Goal of the exercise:
Print the listing as it stands, omitting all images.

Dataset section:
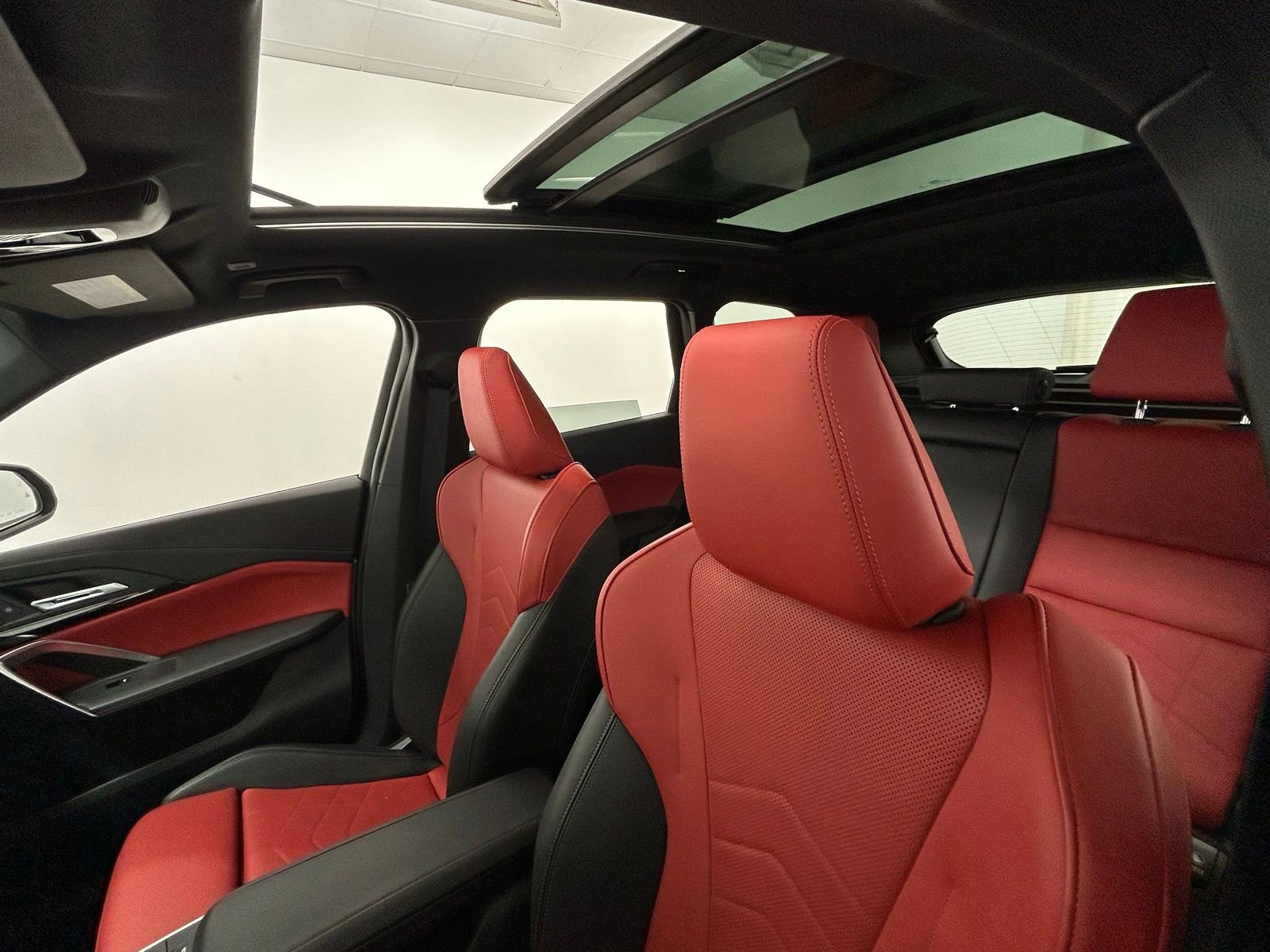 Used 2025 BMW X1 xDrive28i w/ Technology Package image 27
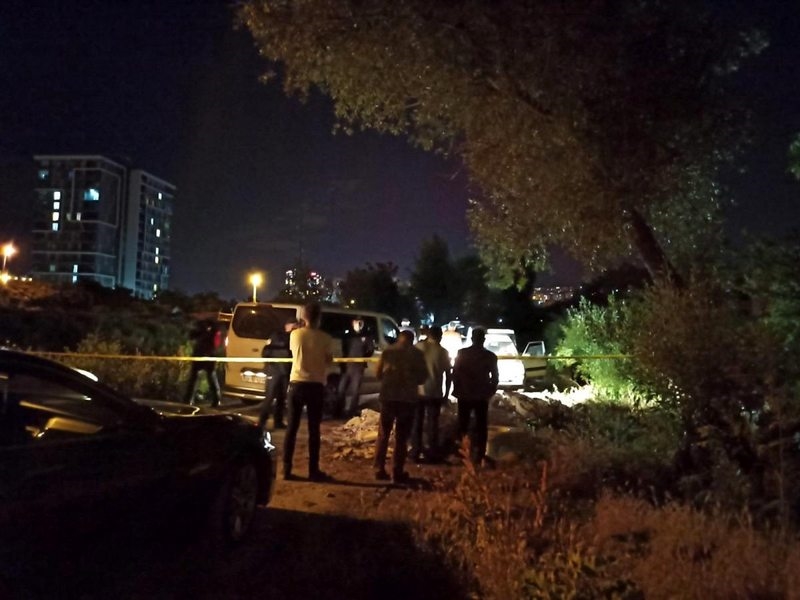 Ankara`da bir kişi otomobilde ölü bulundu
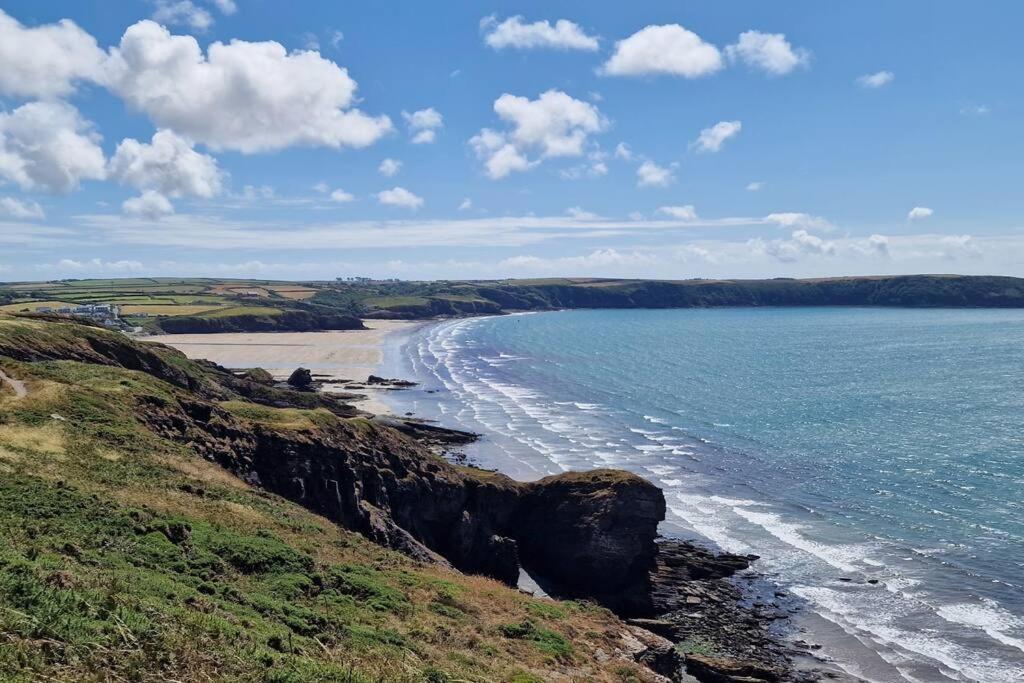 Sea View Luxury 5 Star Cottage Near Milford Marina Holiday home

Written solution:
 Used 2025 BMW X1 xDrive28i w/ Technology Package image 27
 Ankara`da bir kişi otomobilde ölü bulundu
 Sea View Luxury 5 Star Cottage Near Milford Marina Holiday home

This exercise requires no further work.